Exercise requirements: From the entries below, reproduce exactly the lines from the one with "Matchbook Cover - Pettijons" through the one with "Clips für Schattiernetz", both included, without images.

Listed records:
• • • • •

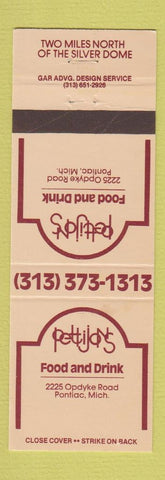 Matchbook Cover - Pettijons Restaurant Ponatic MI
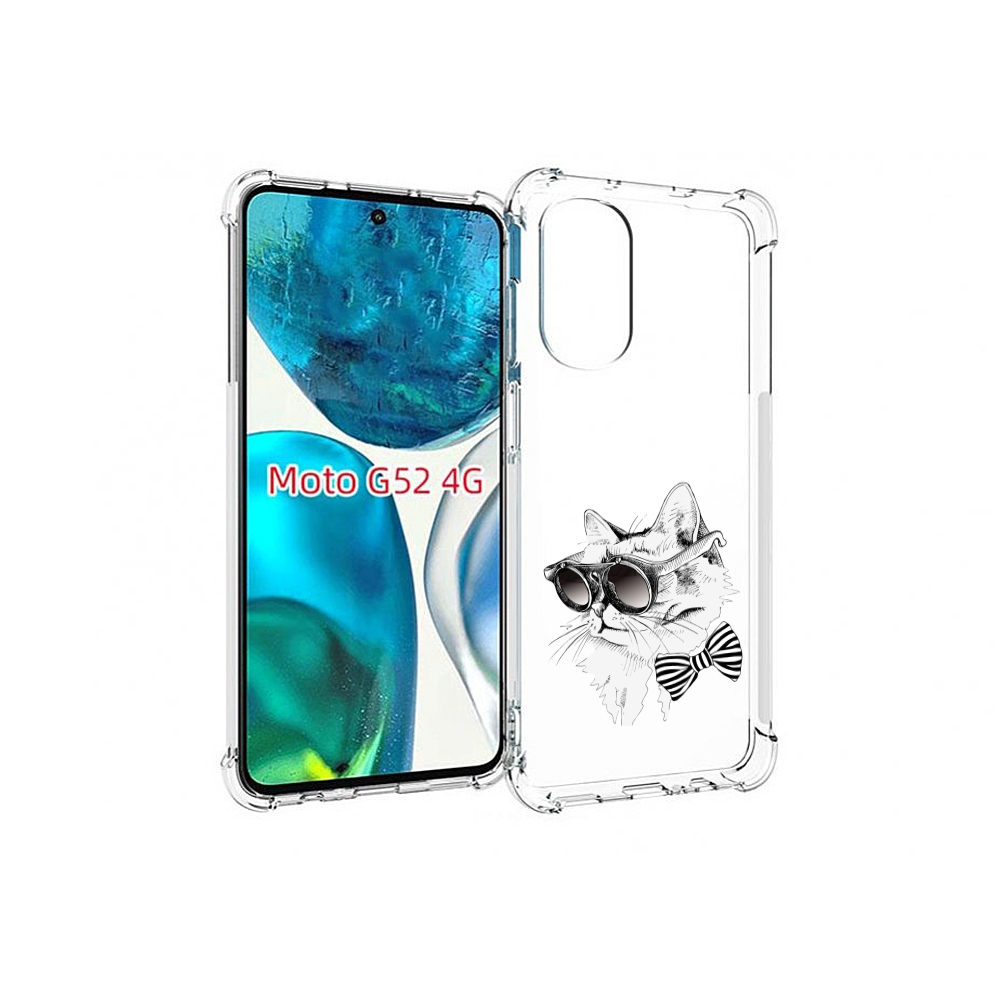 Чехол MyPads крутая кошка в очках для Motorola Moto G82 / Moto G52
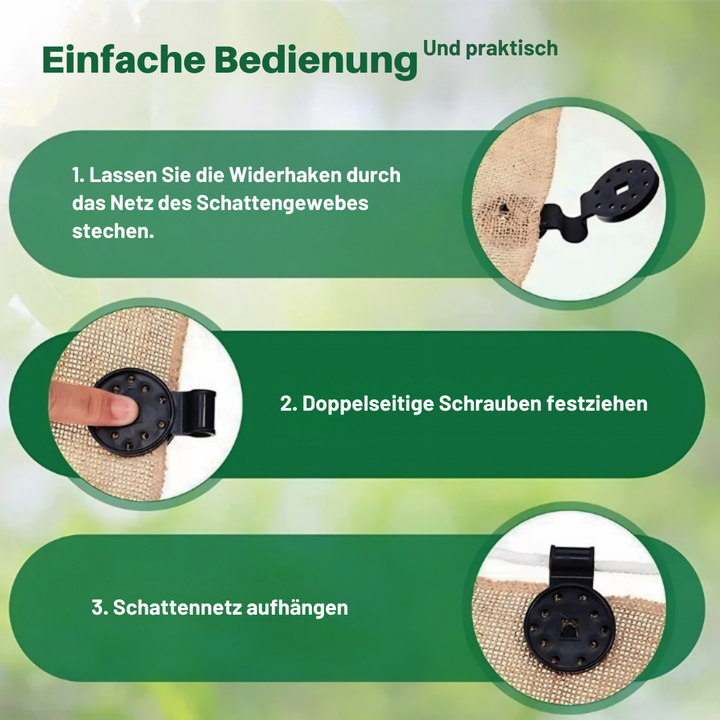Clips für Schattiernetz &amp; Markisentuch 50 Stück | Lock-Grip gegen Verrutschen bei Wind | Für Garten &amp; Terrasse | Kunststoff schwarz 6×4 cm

• • • • •

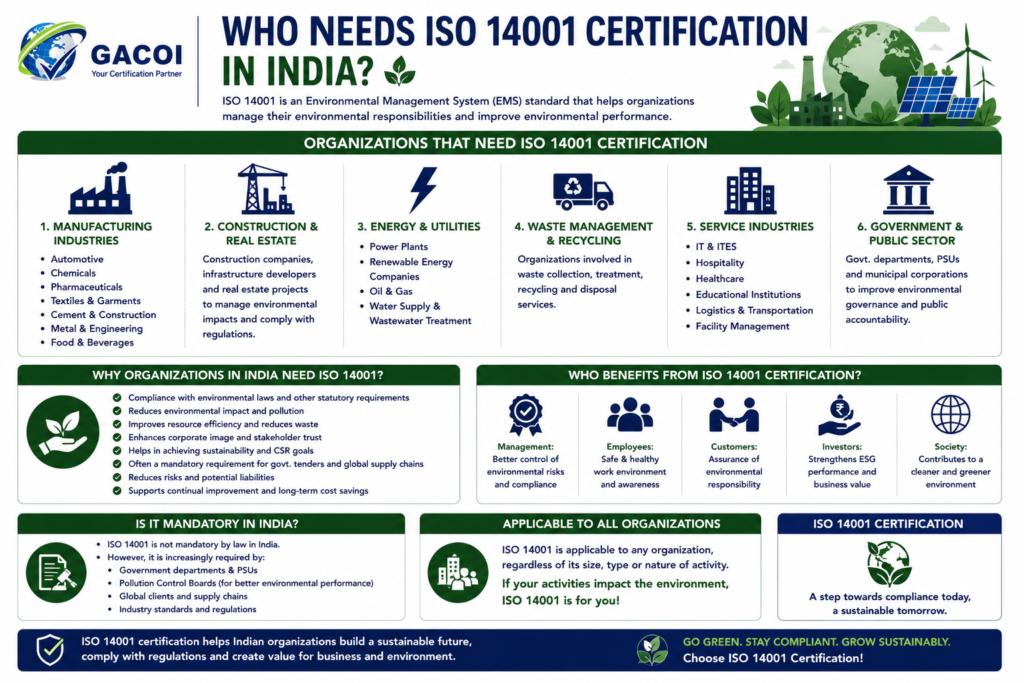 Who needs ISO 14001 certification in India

• • • • •

Answer below:
 Matchbook Cover - Pettijons Restaurant Ponatic MI
 Чехол MyPads крутая кошка в очках для Motorola Moto G82 / Moto G52
Clips für Schattiernetz &amp; Markisentuch 50 Stück | Lock-Grip gegen Verrutschen bei Wind | Für Garten &amp; Terrasse | Kunststoff schwarz 6×4 cm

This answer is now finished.